> _Activity_: Only the lines below from the one that contains "Hello everyone, in" through the one that contains "Let me go over" should appear in your answer, exact and without pictures.

> _Data for analysis_:
━━━━━━

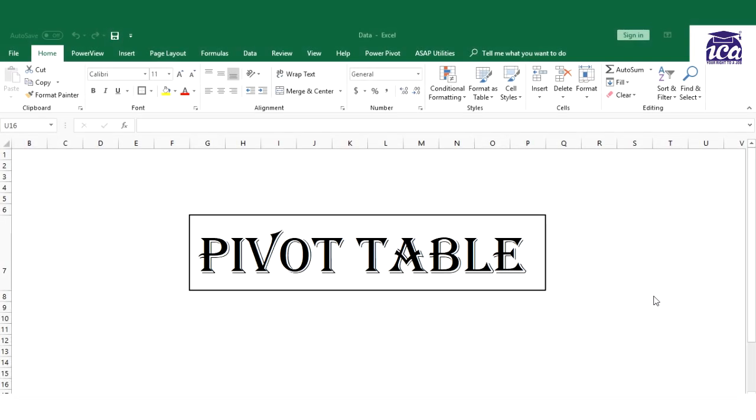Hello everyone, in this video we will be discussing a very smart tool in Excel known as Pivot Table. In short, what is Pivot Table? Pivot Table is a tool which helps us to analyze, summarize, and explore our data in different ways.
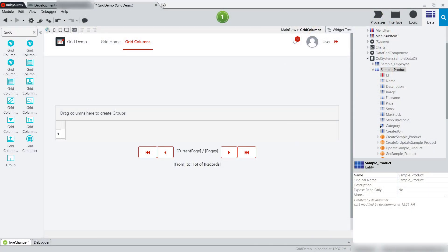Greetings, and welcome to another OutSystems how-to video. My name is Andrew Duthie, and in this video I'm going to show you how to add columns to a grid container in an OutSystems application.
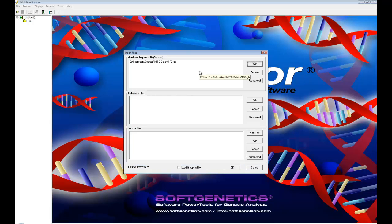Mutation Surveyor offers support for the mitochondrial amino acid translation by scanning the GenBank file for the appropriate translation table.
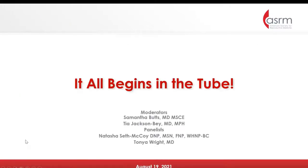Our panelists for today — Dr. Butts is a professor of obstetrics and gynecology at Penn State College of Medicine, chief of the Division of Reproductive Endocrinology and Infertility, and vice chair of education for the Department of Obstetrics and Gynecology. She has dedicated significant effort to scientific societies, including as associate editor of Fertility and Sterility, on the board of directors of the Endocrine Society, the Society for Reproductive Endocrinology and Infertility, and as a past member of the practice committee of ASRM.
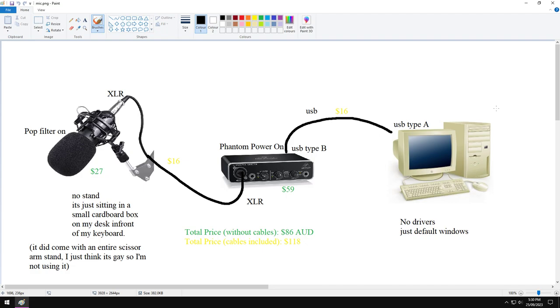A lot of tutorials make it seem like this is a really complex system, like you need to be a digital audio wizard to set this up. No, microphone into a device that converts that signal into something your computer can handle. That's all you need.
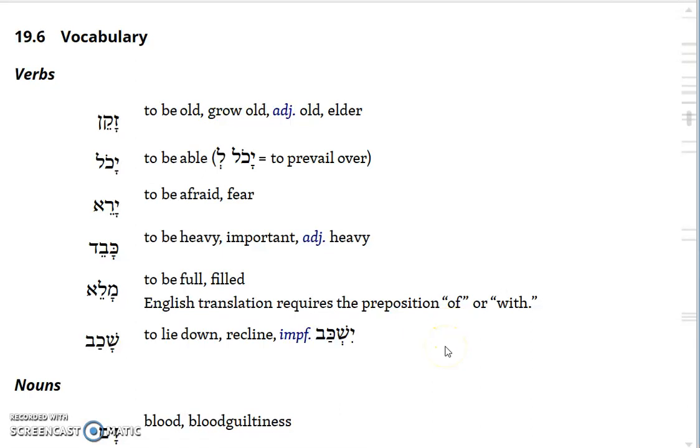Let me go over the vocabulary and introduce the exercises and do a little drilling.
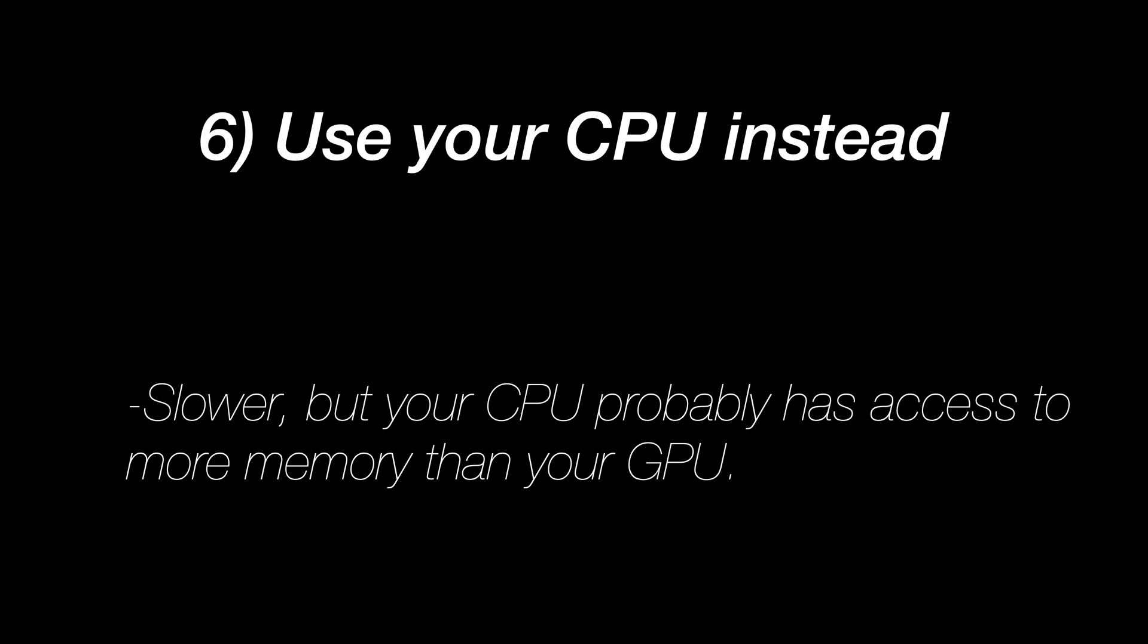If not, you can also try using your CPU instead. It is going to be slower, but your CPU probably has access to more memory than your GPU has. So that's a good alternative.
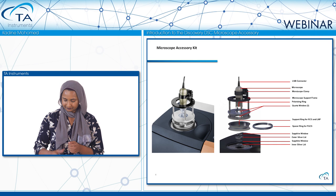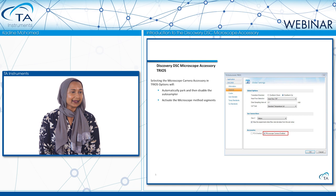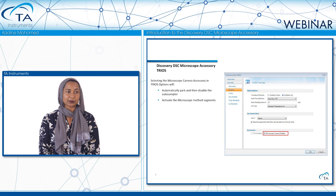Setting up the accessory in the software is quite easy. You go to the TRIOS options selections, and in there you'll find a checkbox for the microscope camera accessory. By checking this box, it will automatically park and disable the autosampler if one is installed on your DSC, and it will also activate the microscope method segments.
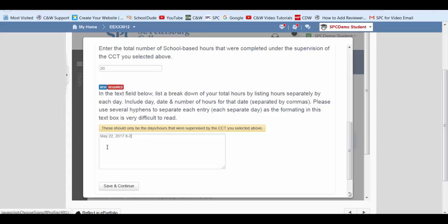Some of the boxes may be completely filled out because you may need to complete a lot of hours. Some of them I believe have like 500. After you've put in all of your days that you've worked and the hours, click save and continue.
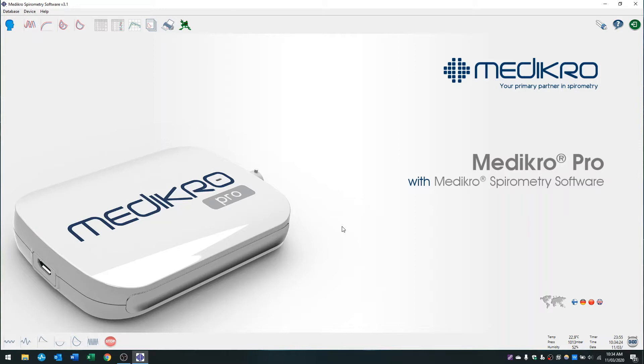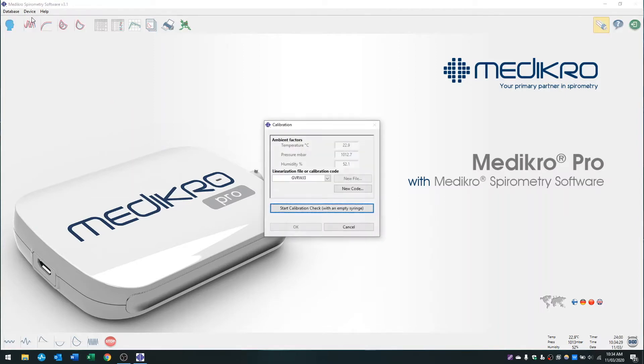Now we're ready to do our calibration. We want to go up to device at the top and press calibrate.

━━━━━━

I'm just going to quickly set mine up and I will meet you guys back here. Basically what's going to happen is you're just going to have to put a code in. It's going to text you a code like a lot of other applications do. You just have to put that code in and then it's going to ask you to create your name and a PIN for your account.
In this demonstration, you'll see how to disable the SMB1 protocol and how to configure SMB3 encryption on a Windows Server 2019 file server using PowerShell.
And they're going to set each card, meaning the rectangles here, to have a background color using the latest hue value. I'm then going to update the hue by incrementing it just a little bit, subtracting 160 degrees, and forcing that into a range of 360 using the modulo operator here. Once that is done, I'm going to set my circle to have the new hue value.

━━━━━━

> _Response to the exercise_:
Hello everyone, in this video we will be discussing a very smart tool in Excel known as Pivot Table. In short, what is Pivot Table? Pivot Table is a tool which helps us to analyze, summarize, and explore our data in different ways.
Greetings, and welcome to another OutSystems how-to video. My name is Andrew Duthie, and in this video I'm going to show you how to add columns to a grid container in an OutSystems application.
Mutation Surveyor offers support for the mitochondrial amino acid translation by scanning the GenBank file for the appropriate translation table.
Our panelists for today — Dr. Butts is a professor of obstetrics and gynecology at Penn State College of Medicine, chief of the Division of Reproductive Endocrinology and Infertility, and vice chair of education for the Department of Obstetrics and Gynecology. She has dedicated significant effort to scientific societies, including as associate editor of Fertility and Sterility, on the board of directors of the Endocrine Society, the Society for Reproductive Endocrinology and Infertility, and as a past member of the practice committee of ASRM.
A lot of tutorials make it seem like this is a really complex system, like you need to be a digital audio wizard to set this up. No, microphone into a device that converts that signal into something your computer can handle. That's all you need.
Let me go over the vocabulary and introduce the exercises and do a little drilling.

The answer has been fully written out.